Hospital staff members Gary Carvey and Matt Lowell work on decorating Skylar Skuza’s wheelchair in a Power Ranger theme during the hospital’s annual wheelchair costume clinic at Shriners Hospitals for Children in Salt Lake City on Thursday, Oct. 15, 2020. (Photo: Steve Griffin, KSL)

However, the hospital is doing its best to allow patients to show off their costumes while remaining safe, and workers have scheduled a virtual Halloween get-together on Oct. 29.

The design and construction process for each wheelchair usually takes around two hours, Lowell said. But unexpected changes in what kids want sometimes forces staff to work longer and get more creative.

Skylar is one of their more fickle clients.

“He changes his mind so much,” his mother said. “Like a few years ago, he told Shriners he was going to be one costume, and the day he came here they had it all planned, and he was like, ‘No, I’m going to be Ghostbusters.’ And it’s like, ‘Skylar, you already told them that you were going to be this.’ So they’re good at adapting.”

This year, Skylar had asked Shriners to turn his wheelchair into a motorcycle, but at the last minute, he decided on the mastodon instead.
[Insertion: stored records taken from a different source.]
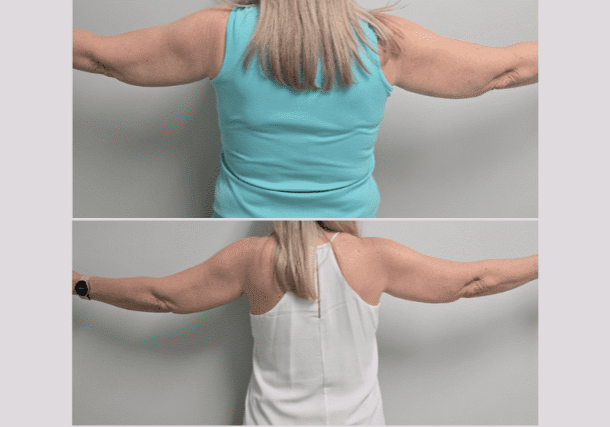Before and one week after one treatment of Lipo-Mino Mix C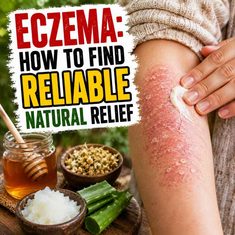 Eczema: How to Find Reliable Natural Relief Eczema: How to Find Reliable Natural Relief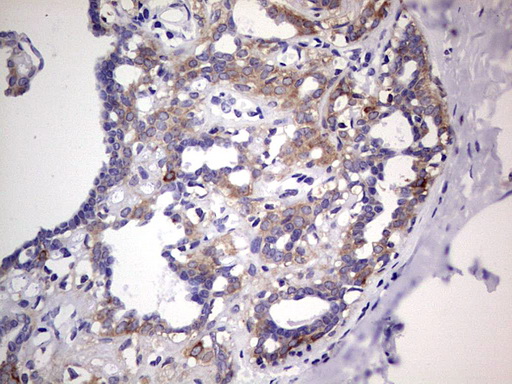PKM2 Antibody - IHC of paraffin-embedded Adenocarcinoma of Human breast tissue using anti-PKM2 mouse monoclonal antibody.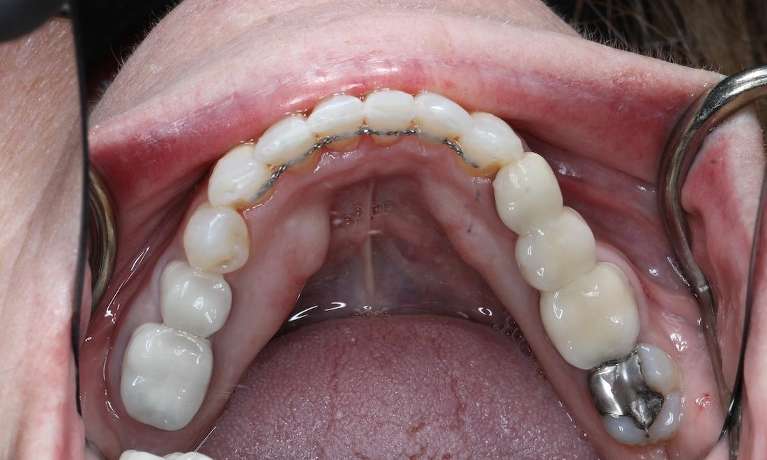 Cosmetic-Crowns-Invisalign-After-Image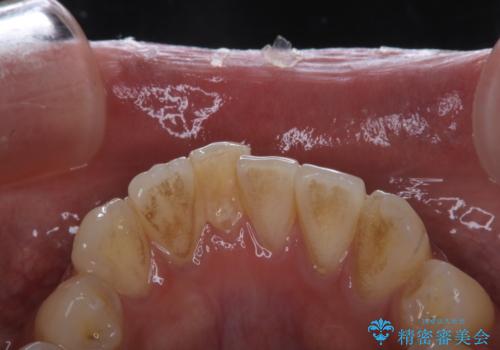 タバコによる着色をPMTCできれいな白い歯にの治療前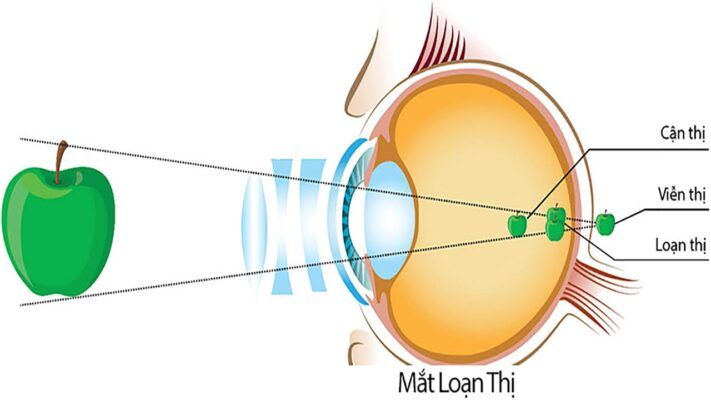 Rối loạn thị giác là một trong những triệu chứng của bại não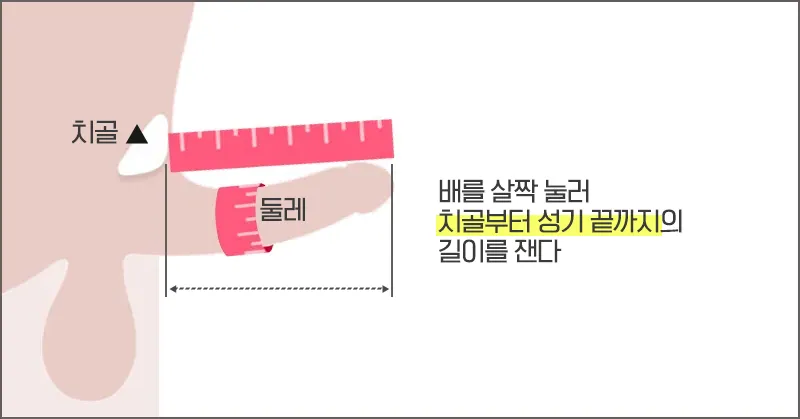 배를 살짝 눌러 치골부터 성기 끝까지 길이를 재는 방법을 설명한 측정법 이미지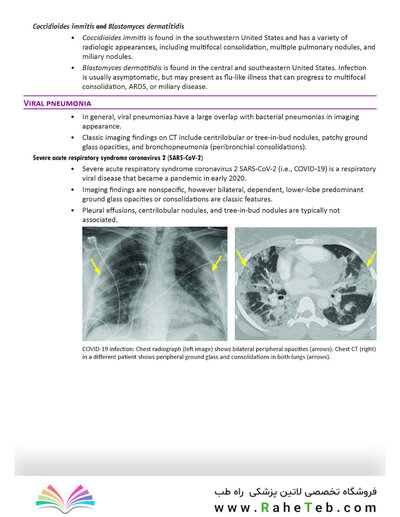 Core Radiology: A Visual Approach to Diagnostic Imaging 2nd Edicion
“They’re all fun, and they’re all challenging,” Lowell said of the wheelchair costumes. “You can see, like, we’re making a robotic mastodon today. I mean, that wasn’t what I thought when I woke up this morning.”

Skylar Skuza watches as hospital staff and volunteers decorate his wheelchair in a Power Ranger theme during the hospital’s annual wheelchair costume clinic at Shriners Hospitals for Children in Salt Lake City on Thursday, Oct. 15, 2020. (Photo: Steve Griffin, KSL)

Yet despite the challenges, increasing numbers of hospital staff turn out each year to help. To Lowell, all the effort is worth it because of the joy it brings to the patients.

“These kids go through so much challenge in their lives,” he said. “And it’s just awesome to let kids be kids. I mean, that’s what it’s all about to me. I want these kids to enjoy being kids.”

“Probably the biggest story I had was the very first year, we had a mom come back, and she said, you know, we never enjoyed Halloween because my son always had to just stay on the sidewalk while the kids went up to the door and bring (him) back candy. And when he went out in his Batmobile, everybody came down to them. Halloween came to those kids. Now they’re, like, so excited. I mean, we’ll go down to the door to get them, to bring them up here, and they’re spinning in circles, and they’re just, like, already on their sugar high.”

The Skuza family also attests to the benefits of a souped-up wheelchair.

“Something like this kind of makes his Halloween even cooler,” Scuza said. “Like a few years ago, (Skylar) did Ghostbusters … and so they had a parade at school, and he felt like the king of the school.”

The program was added to the hospital’s official budget a few years ago, but all of the cost is still offset by donations, Lowell said.

“Spirit of Children is an amazing group that has funded so much of this for so many years,” he said. “They have been a huge donor that basically lets us take that donation and put our budget back into the Shriner system.”